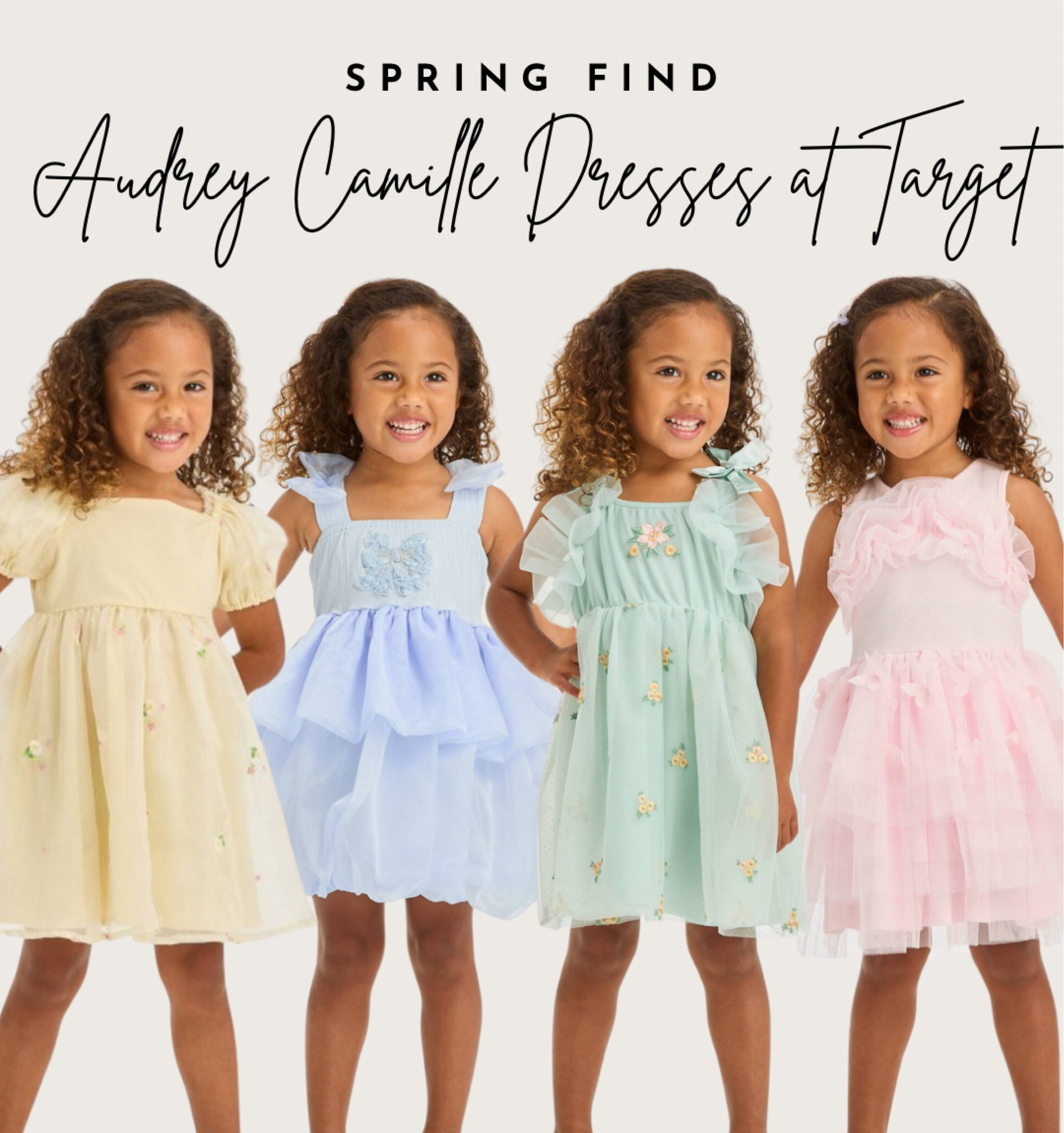 Spring Find: Audrey Camille Dresses at Target

#LTKSeasonal #LTKfamily #LTKkids
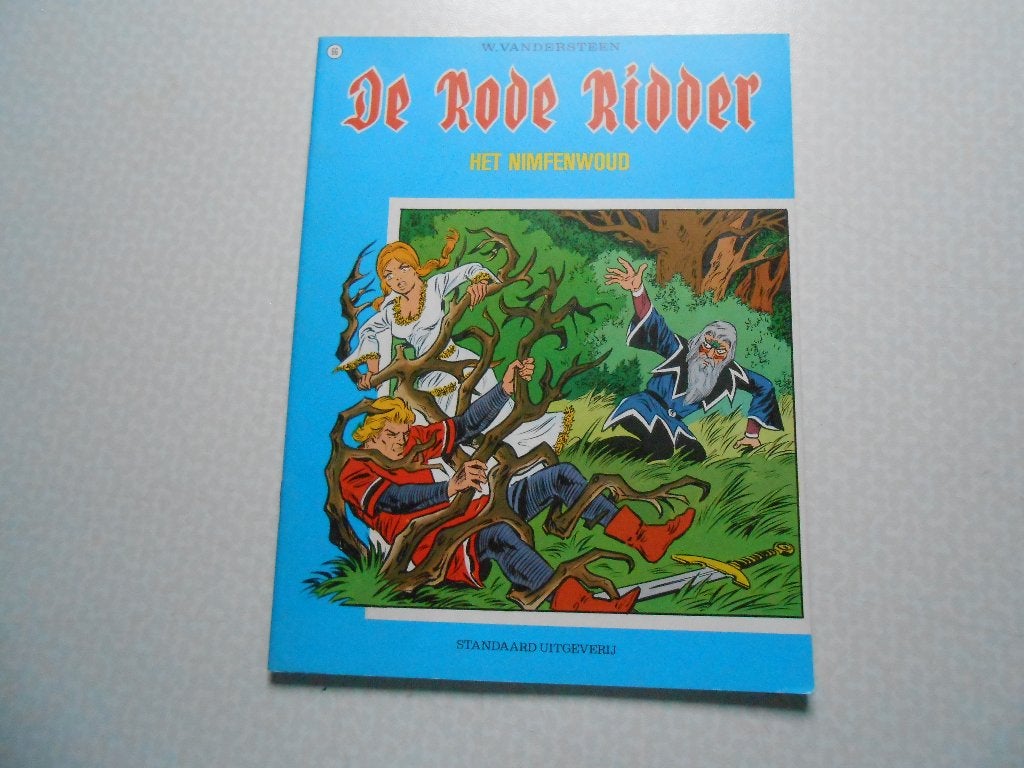 Rode ridder 66 Het nimfenwoud 1975 1 ste druk., Willy Vandersteen, Eén stripboek, Nieuw, Ophalen of Verzenden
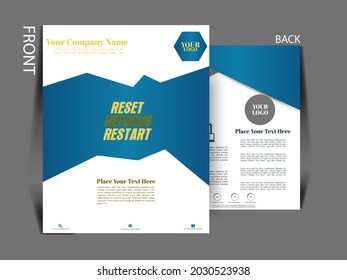 Business Brochure Template used for cover, flyer, Leaflet, Back to work after covid flyer vector.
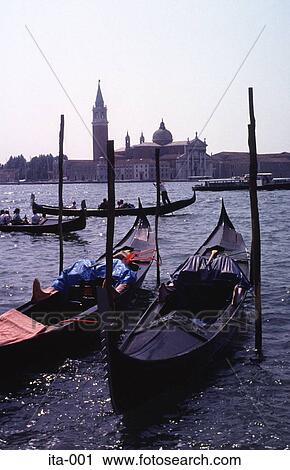 Gondolas Moored Plazzio Ducale Venice Italy View Large Photo Image Stock Image - Gondolas Moored Plazzio Ducale Venice Italy. Fotosearch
§
Your answer should contain only the lines from the beginning of the listing above through the line with "Business Brochure Template", copied exactly and without the pictures.

 Spring Find: Audrey Camille Dresses at Target

#LTKSeasonal #LTKfamily #LTKkids
 Rode ridder 66 Het nimfenwoud 1975 1 ste druk., Willy Vandersteen, Eén stripboek, Nieuw, Ophalen of Verzenden
 Business Brochure Template used for cover, flyer, Leaflet, Back to work after covid flyer vector.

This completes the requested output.